Como aquele Verão de Agosto ganhou mais colorido – por instantes até sobrevoei pelas nuvens e estive quase a tocar o céu –, pude admirar a outra fisionomia da cidade, inimaginável para quem nunca a viu a quase 80 metros de altura. Retenho a Igreja dos Congregados, onde durante anos e anos uma senhora idosa vendeu violetas a devotos fregueses, a Rua de 31 de Janeiro por onde correu sangue na revolta de 1891, a Igreja da Lapa onde está o coração de D. Pedro IV, os seculares armazéns das caves do vinho do Porto e o Mosteiro da Serra do Pilar, o Paço Episcopal do Porto e, claro, o rio mágico a correr lentamente para a Foz do Douro, naquele tempo com vaporetos, barcos rabelos a transportar pipas de vinho no cais de Gaia, barcaças de carvão atracadas na Ribeira do Porto, com homens e mulheres numa azáfama constante feita de suor e lágrimas para sempre imortalizadas no poético filme Douro, Faina Fluvial, de Manoel de Oliveira.

Dias luminosos

Em outros ângulos da torre e com dias luminosos, consegue-se visualizar os telhados de centenas de edifícios e prédios do Porto, o Restaurante Portucale, situado no 14.º andar da Cooperativa dos Pedreiros, a Igreja do Bonfim, a zona Oriental da cidade e lá ao longe, a perder de vista, as curvas e contracurvas dos montes e serranias de Valongo. Quem disse que a cidade era cinzenta e triste só a viu de raspão. Ao longe e admirada dos céus ganha outro colorido, formas, texturas.
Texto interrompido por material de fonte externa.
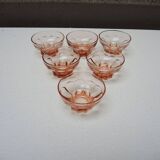 6 vintage pink glass bowls in Art Deco style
Muitos anos depois, retenho as leituras e os ensinamentos do professor e grande investigador portuense Xavier Coutinho (que tive o privilégio de conhecer no decorrer de uma visita ao Palácio do Freixo, igualmente, construído sob o risco de Nasoni) e um precioso livro do historiador Robert Smith. Fiquei mais rico ao ler os seus estudos, ainda hoje referência obrigatória para quem quer saber mais além das pedras. Na minha memória ficará para sempre a odisseia daquele célebre mês de Agosto em que subi à torre mais alta de Portugal, escutei os sons da torre sineira e observei ao perto o enorme relógio – ainda marca o ritmo da cidade –, e em que, depois de atingir o paraíso, olhei com espanto e admiração o Porto da minha infância. Um dia destes voltarei ao lugar onde fui feliz.